PAULO SÉRGIO PINHEIRO
Carandiru, sonho autoritário
Não fui o primeiro a entrar no pavilhão 9 do Carandiru, onde 111 presos desarmados foram mortos por PMs em 2 de outubro de 1992. Visitei a antiga Casa de Detenção de São Paulo no dia seguinte ao massacre, quando todos os corpos já haviam sido retirados.
O chão dos corredores e das celas fora lavado, mas sangue ainda escorria nas paredes. Um cheiro atroz de desinfetante indicava a tentativa de apagar os vestígios da barbárie. Necropsias demonstraram que 90% dos detentos foram alvejados na cabeça.
Comuniquei-me à época com o governador Luiz Antônio Fleury Filho, na esperança de que fosse se contrapor à violência ilegal da PM. O governo, no entanto, alegou que se tratava de um conflito armado -tese bastante implausível, já que nenhum PM foi baleado nem ferido por arma de fogo. A cada novo detalhe revelado, essa interpretação fajuta foi-se esboroando.
E, afinal, quem dera a ordem de invasão? A questão nunca foi esclarecida, mas uma ordem houvera, pois a PM não se meteria numa operação dessa envergadura sem o consentimento das instâncias superiores. Os altos escalões do governo e da corporação militar jamais foram punidos.
O país reviveu os horrores do massacre 24 anos depois, em audiência na 4ª Câmara Criminal do Tribunal de Justiça de São Paulo no dia 27 de setembro. Na ocasião, o desembargador Ivan Sartori votou pela anulação do julgamento e pela absolvição de 74 policiais envolvidos no crime, alegando que não houve massacre no Carandiru, mas sim uma ação em legítima defesa.
Em resposta a esse voto delirante, que tenta consagrar a impunidade aos 74 PMs já condenados, mais de cem personalidades e entidades que atuam no âmbito dos direitos humanos ingressaram na terça (18) com uma reclamação disciplinar contra o desembargador Sartori no Conselho Nacional de Justiça (CNJ).
O surpreendente argumento de legítima defesa, tentativa de anular o veredicto do júri popular de cinco julgamentos, ignora as provas nos autos que mostraram cabalmente que os policiais militares excederam seu poder, executando presos que não apresentaram resistência.
O mesmo desembargador demonstrou supremo desprezo pelas exigências de impessoalidade do magistrado ao se manifestar em uma rede social em 4 de outubro.
"Diante da cobertura tendenciosa da imprensa sobre o caso Carandiru, fico me perguntando se não há dinheiro do crime organizado financiando parte dela, assim como boa parte das autodenominadas organizações de direitos humanos", escreveu.

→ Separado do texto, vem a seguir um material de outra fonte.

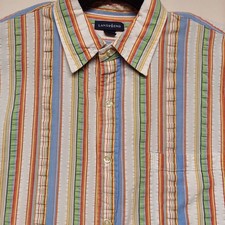Lands' End Large 16-16.5 Striped Seersucker Shirt Men's Short Sleeve Multi-Color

O caso Carandiru concentra em si o profundo descaso com que as autoridades tratam a violência arbitrária do Estado contra negros, pobres e segregados. É um exemplo da continuidade autoritária sob a democracia, na qual a sanha punitiva segue minuciosamente seletiva.
O ideal para o autoritarismo brasileiro é que criminosos e condenados desapareçam, exterminados se possível. O massacre do Carandiru, consagrada a impunidade, ficará para sempre como a realização desse sonho macabro.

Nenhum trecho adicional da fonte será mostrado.